Segundo o STF, são compatíveis com a Constituição Federal (CF) os dispositivos da Lei 13.467/2017 (Reforma Trabalhista) que extinguiram a obrigatoriedade da contribuição sindical e condicionaram o seu pagamento à prévia e expressa autorização dos filiados.
Com base nesse entendimento, o Plenário do Supremo Tribunal Federal (STF), por maioria, julgou improcedentes os pedidos formulados em ações diretas de inconstitucionalidade, e procedente o pedido apresentado em ação declaratória de constitucionalidade, para reconhecer a constitucionalidade do art. 1º da Lei 13.467/2017, que alterou a Consolidação das Leis do Trabalho (CLT).
No âmbito formal, o STF entendeu que a Lei 13.467/2017 não contempla normas gerais de direito tributário [CF, art. 146, III, “a” (1)], dispensada a edição de lei complementar para tratar sobre matéria relativa a contribuições.
Também não se aplica ao caso a exigência de lei específica prevista no art. 150, § 6º (2), da CF, pois a norma impugnada não disciplinou nenhum dos benefícios fiscais nele mencionados, quais sejam, subsídio ou isenção, redução de base de cálculo, concessão de crédito presumido, anistia ou remissão.
Sob o ângulo material, o Tribunal asseverou que a Constituição assegura a livre associação profissional ou sindical, de modo que ninguém é obrigado a filiar-se ou a manter-se filiado a sindicato [CF, art. 8º, V (3)]. O princípio constitucional da liberdade sindical garante tanto ao trabalhador quanto ao empregador a liberdade de se associar a uma organização sindical, passando a contribuir voluntariamente com essa representação.
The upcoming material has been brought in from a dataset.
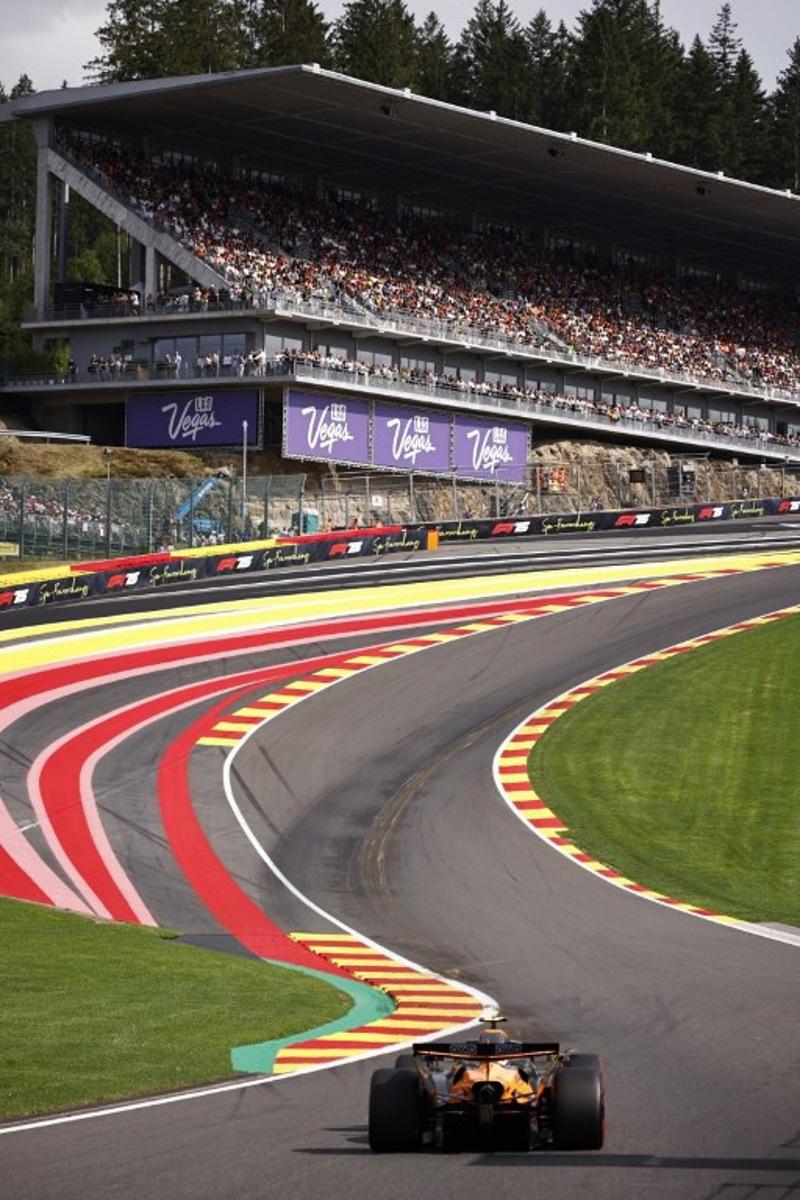 McLaren's British driver Lando Norris takes part in the qualifying session ahead of the Formula One Belgian Grand Prix at the Spa-Francorchamps circuit in Spa, on July 26, 2025.  SIMON WOHLFAHRT / AFP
Ressaltou que a contribuição sindical não foi constitucionalizada no texto magno. Ao contrário, não há qualquer comando ao legislador infraconstitucional que determine a sua compulsoriedade. A Constituição não criou, vetou ou obrigou a sua instituição legal.
Compete à União, por meio de lei ordinária, instituir, extinguir ou modificar a natureza de contribuições [CF, art. 149 (4)]. Por sua vez, a CF previu que a assembleia geral fixará a contribuição que, em se tratando de categoria profissional, será descontada em folha, para custeio do sistema confederativo da representação sindical respectiva, independentemente da contribuição prevista em lei [CF, art. 8º, IV (5)]. A parte final do dispositivo deixa claro que a contribuição sindical, na forma da lei, é subsidiária como fonte de custeio em relação à contribuição confederativa, instituída em assembleia geral.
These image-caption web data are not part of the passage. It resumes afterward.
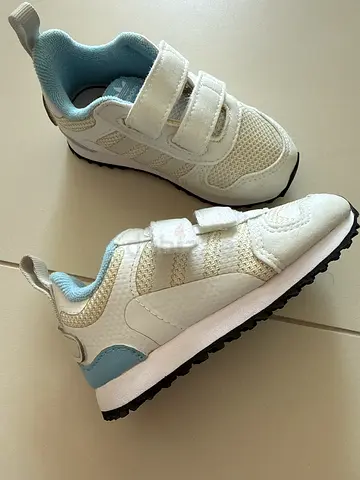 White Velcro Adidas Sneakers - Size 22, Blue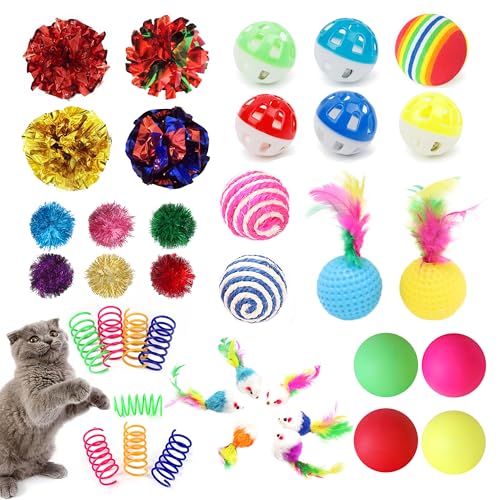 POSAPET Cat Toys Assortment - Interactive Kitten Toy Bundle with Sparkle Pom Pom Balls, Crinkle Balls & Spring Toys for In...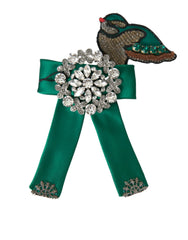 Dolce & Gabbana Green Satin Bird Crystal Women Hair Clip - Hair Pins Claws & Clips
O STF disse que não se pode admitir que o texto constitucional, de um lado, consagre a liberdade de associação, sindicalização e expressão [CF, artigos 5º, IV e XVII, e 8º, caput (6)] e, de outro, imponha uma contribuição compulsória a todos os integrantes das categorias econômicas e profissionais.
Porém é bom perceber que, desde 1988, sempre se reputou admissível a regra da obrigatoriedade da contribuição sindical. A afirmação taxativa indica uma orientação mais política do que jurídica, em nossa opinião.
O STF afirmou que a discussão a respeito do modelo de gestão sindical a ser adotado no Brasil é eminentemente política, cujo protagonista é o Congresso Nacional. O STF deve ser autocontido, de forma a respeitar as escolhas políticas do Legislativo.
Porém, se o constituinte deliberar sobre questões políticas, essas decisões terão então relevância jurídica e o STF deverá mantê-la, ainda que contrariem o Congresso Nacional, pois todos estão subordinados ao Poder Constituinte.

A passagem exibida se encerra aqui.